22.02.2012 | aktual.: 22.02.2012 12:50
W 2011 roku sprzedano w Polsce 10,8 mln komórek, co trzecia to smartfon. Ogólnie najlepiej poradziła sobie Nokia, ale trzy ostatnie miesiące 2011 roku należały do Samsunga (sprzedał o kilkanaście tysięcy sztuk telefonów więcej). Można się więc spodziewać, że w raportach dotyczących bieżącego roku to Koreańczycy będą górą.
Według Marka Kujdy z IDC słabe wyniki fińskiego giganta to efekt rezygnacji z długo rozwijanego przez tę firmę (choć mało innowacyjnego) Symbiana. Mogło to zniechęcić wielu użytkowników do zakupu komórek Nokii, a modele oparte na platformie Windows Phone 7 pojawiły się w Polsce w pierwszych tygodniach 2012.
Kujda zwraca też uwagę na różnorodność oferty Samsunga: od tanich smartfonów za kilkaset złotych do flagowych modeli z Androidem, które w drugim półroczu sprzedawały się w Polsce nawet lepiej od iPhone'a. Według Wojciecha Wasilewskiego, dyrektora sprzedaży i marketingu Samsunga w Polsce, koreańska firma sprzedała w naszym kraju w ubiegłym roku około 1,5 mln telefonów.
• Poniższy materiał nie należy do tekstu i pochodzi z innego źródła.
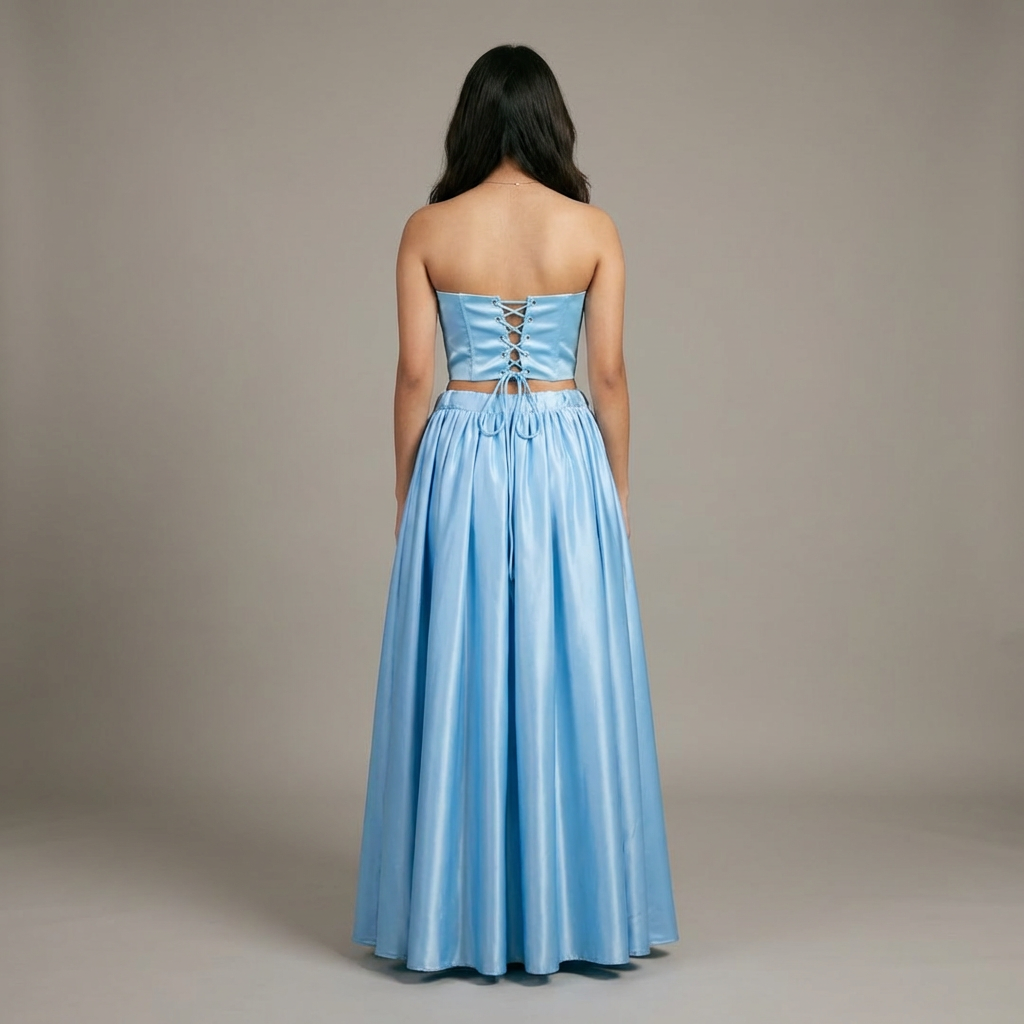 Mint Condition - Sky Blue Satin Corset Set
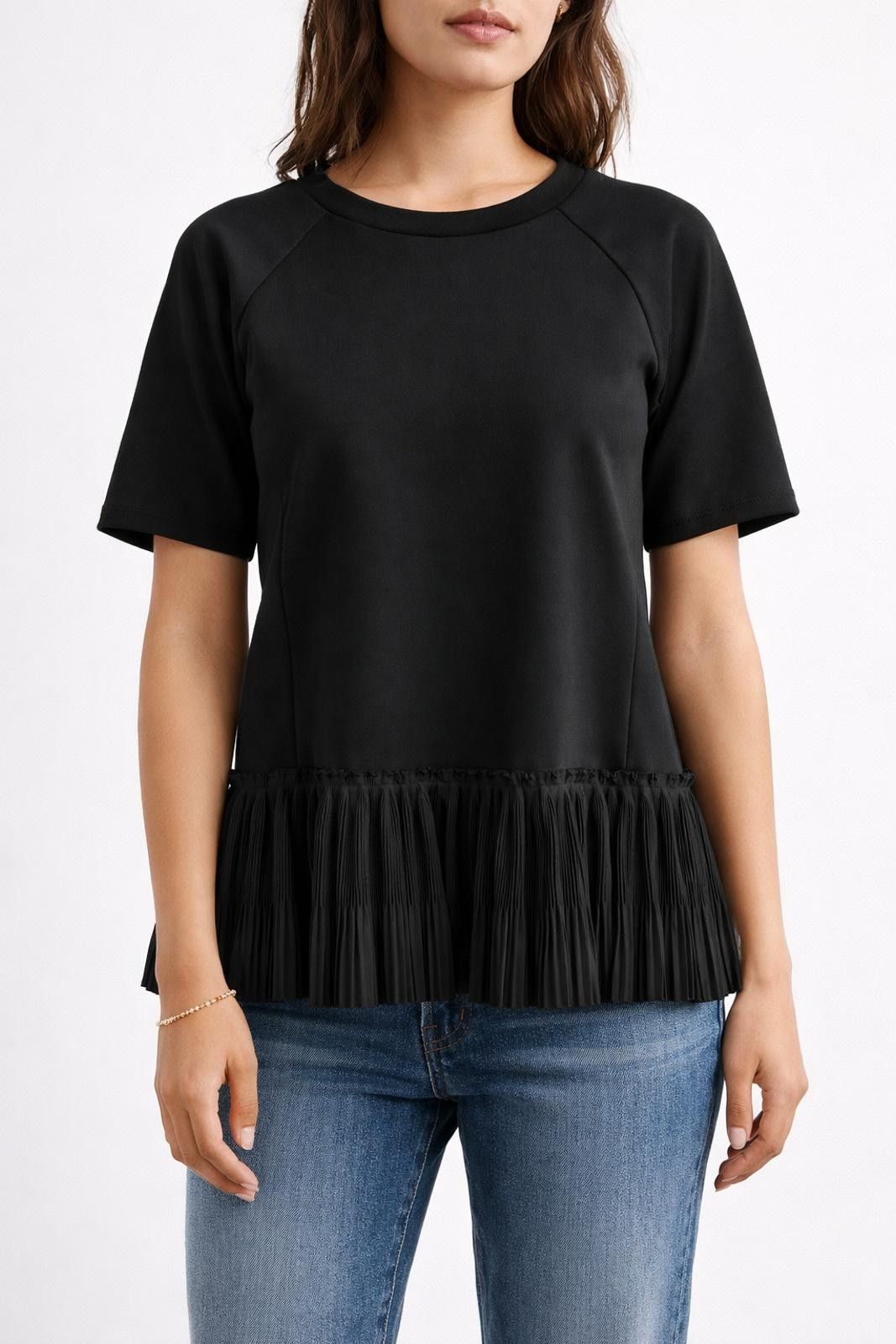 Other MEIMEIJ Black Short Sleeve Top with Pleated Hem Size S / US 4 / IT 40 - 1 Thumbnail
W wywiadzie dla "Rzeczpospolitej" podkreślił on, że Polska to jeden z niewielu krajów europejskich, w których Nokia tak długo była liderem sprzedaży smartfonów.
W Polsce w ujęciu rok do roku wzrost sprzedaży smartfonów jest jednak niewielki. W roku 2010 rozeszło się ich 10 mln, więc 8-procentową dynamikę trudno uznać za imponującą. Nie oznacza to bynajmniej, że polski rynek smartfonów się nasycił. Problem stanowi ich wciąż wysoka cena, a operatorzy nie są skłonni obniżać marż. Jeśli koszt zakupu jest niższy, to zwykle przy umowie dłuższej niż 2 lata, przez co Polacy rzadziej wymieniają stare modele na nowoczesne. Podobnie, abonenci, którzy przedłużali umowy kilkanaście miesięcy temu (jeszcze przed smartfonowym boomem), nie zdążyli jeszcze podpisać aneksu do umowy i wybrać nowej słuchawki.
Mimo wszystko w najbliższych miesiącach w naszych kieszeniach z pewnością będzie dzwonić coraz więcej tego typu słuchawek. Coraz większy popyt sprawia, że proste modele stają się coraz tańsze, a operatorzy mogą zaoferować je za niewielkie kwoty nawet w niskich taryfach. Na rodzimym rynku należy się też spodziewać dalszego zwiększania dystansu pomiędzy Samsungiem a Nokią. Premiera Lumii nie zmieni sytuacji - mało którego Polaka będzie na nie stać.